--- Source material Enclosed Below ---

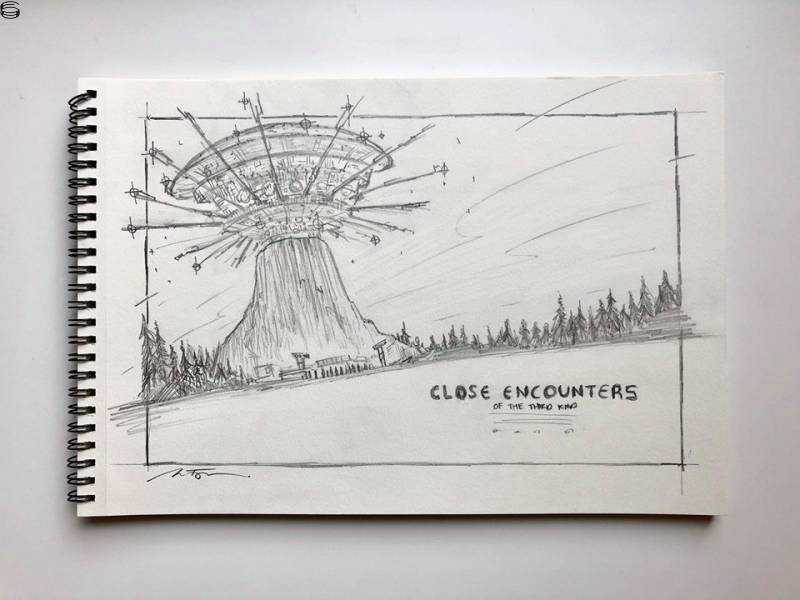 Matt Ferguson - Have you recently had a close encounter? - OG Sketch Edition
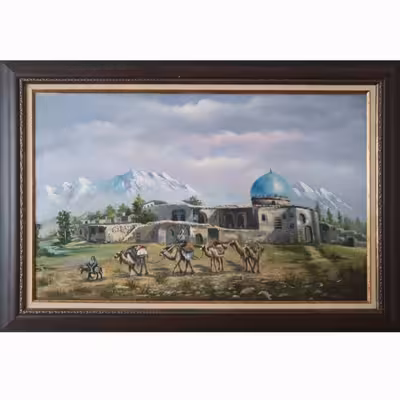 تابلو نقاشی رنگ روغن مدل گنبد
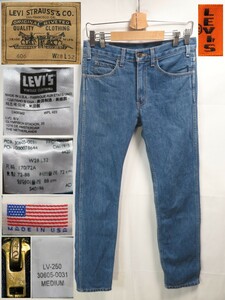 米国製(アメリカ製)★W28(約77cm)【LEVIS/リーバイス】ビンテージ/1960年代/606/BIG-E/30605-0031/スリム/TALON42/テーパード/LVC/復刻/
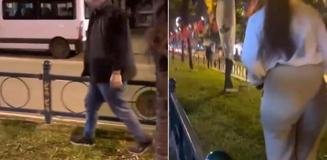Türk bayrağını yakmaya çalışan şüpheli yakalandı! Bakın üstünden ne kimliği çıktı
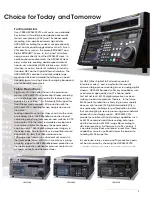 Предварительный просмотр 3 страницы Sony HDCAM-SR SRW5100 Brochure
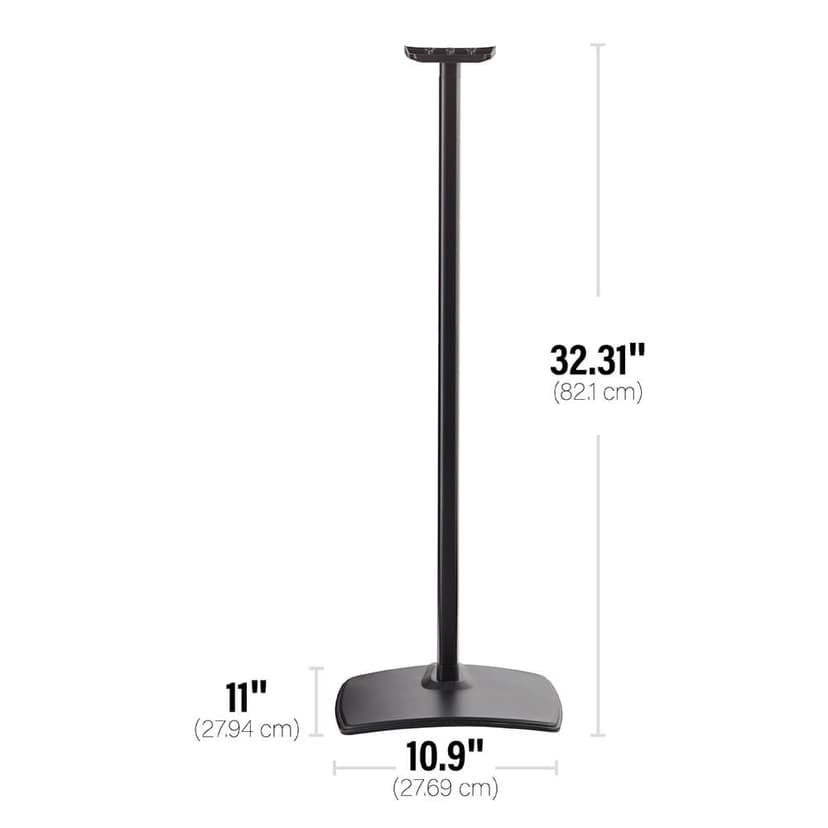 Sanus Floor Stand For Sonos Era300 Single Black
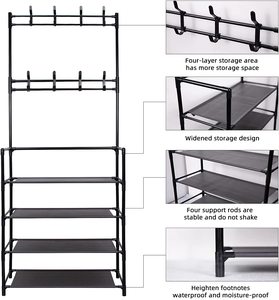 Estante de almacenamiento <span class=keywords><strong>para</strong></span> zapatos, Zapatero 3 en 1 <span class=keywords><strong>para</strong></span> entrada, salón, árbol - Product Image 5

--- End of Enclosed Source material ---

Return every entry word for word, but drop any pictures.

» **Answer area**:
 Matt Ferguson - Have you recently had a close encounter? - OG Sketch Edition
 تابلو نقاشی رنگ روغن مدل گنبد
 米国製(アメリカ製)★W28(約77cm)【LEVIS/リーバイス】ビンテージ/1960年代/606/BIG-E/30605-0031/スリム/TALON42/テーパード/LVC/復刻/
Türk bayrağını yakmaya çalışan şüpheli yakalandı! Bakın üstünden ne kimliği çıktı
 Предварительный просмотр 3 страницы Sony HDCAM-SR SRW5100 Brochure
 Sanus Floor Stand For Sonos Era300 Single Black
 Estante de almacenamiento <span class=keywords><strong>para</strong></span> zapatos, Zapatero 3 en 1 <span class=keywords><strong>para</strong></span> entrada, salón, árbol - Product Image 5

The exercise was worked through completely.